プレイのところだけやけに英語っぽく発音するジョージ。それについては何もいわず、総司は頷く。


「やったことはあるが、苦手なんだよなこれ。目の前で急に鎧が動き出したりするだろ?」

「怖いのか?」

「違う違う。驚くんだよ。ホラーとかそういうのは大丈夫だけど、ドッキリとか苦手なタイプの人間」

「なるほど!」


 そんな話をしているうちに、ステージが始まった。

 次々と襲ってくるモンスター――鎧であったりミイラであったり蝙蝠を総司とジョージは協力しながら倒していく。

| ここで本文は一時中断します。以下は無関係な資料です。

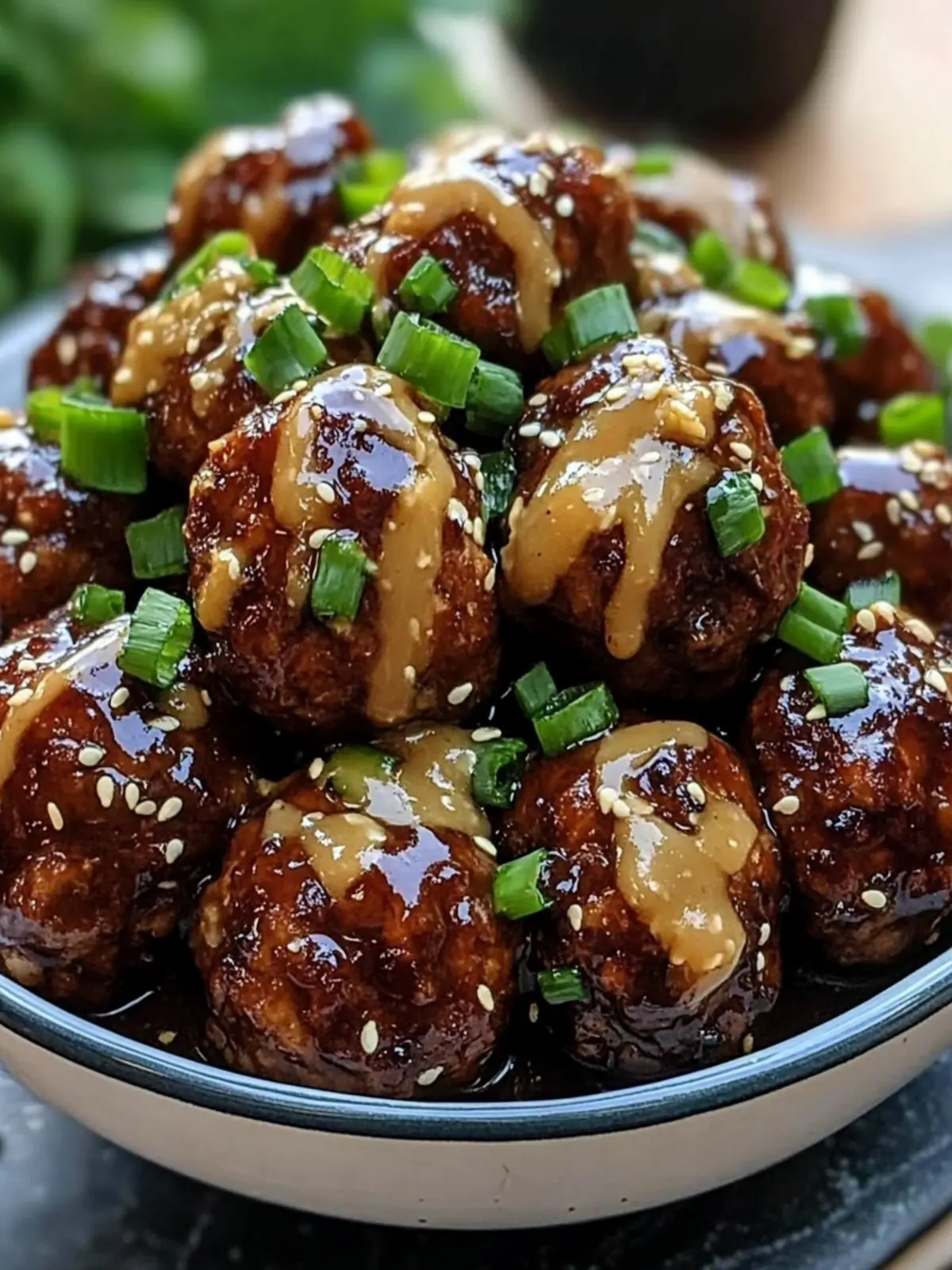 Sticky Hoisin Meatballs with Scallion Sauce: A Flavor Burst 2 Sticky Hoisin Meatballs with Scallion Sauce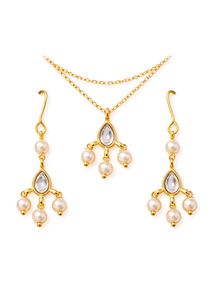 Elegant Pearl &amp; Crystal Jewellery Set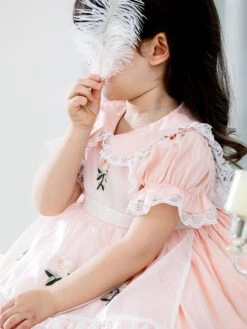Polyester Tea Party Embroidered Short Sleeves Polyester Fall Dress Sweet Yellow Kids' Lolita Dresses -AYA Cosplay Shop 20230306182245495837
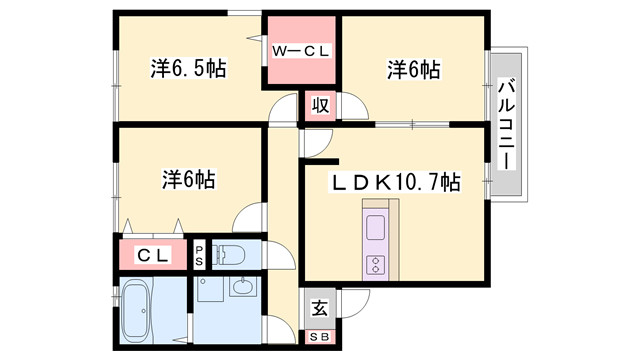 セリーヌヴィレッジ B棟(3LDK/2階)の間取り写真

総司1人だと途中でゲームオーバーになっていたが、ジョージの手助けもあり、最後のボスも倒してクリアとなった。


「やっぱりジョージ上手いな」

「ありがとう! でも、ソージもいい腕をしていたぜ!」

「お! 2人ともやっているな!」

「浩太。どうした?」


お互いたたえ合っていると浩太がやってきた。その表情はどこか嬉しそうなものだった。


「いや、みんなバラバラになって心配していたが、横のつながりが増えてよかったなって思ってただけだ」

「まあ確かに初期の目的がそれだったからな」

「ということで総司とジョージ、俺も混ぜろ!」

「イイゼ!」


 サムズアップしながらジョージはそういうと再びシューティングゲームへと100円玉を入れる。さすがに2回もするきになれなかった総司は、浩太と交代した。


 その後、他のメンバーと合流したり別れたりを繰り返し、結局夕方になるまで総司達は遊んだ。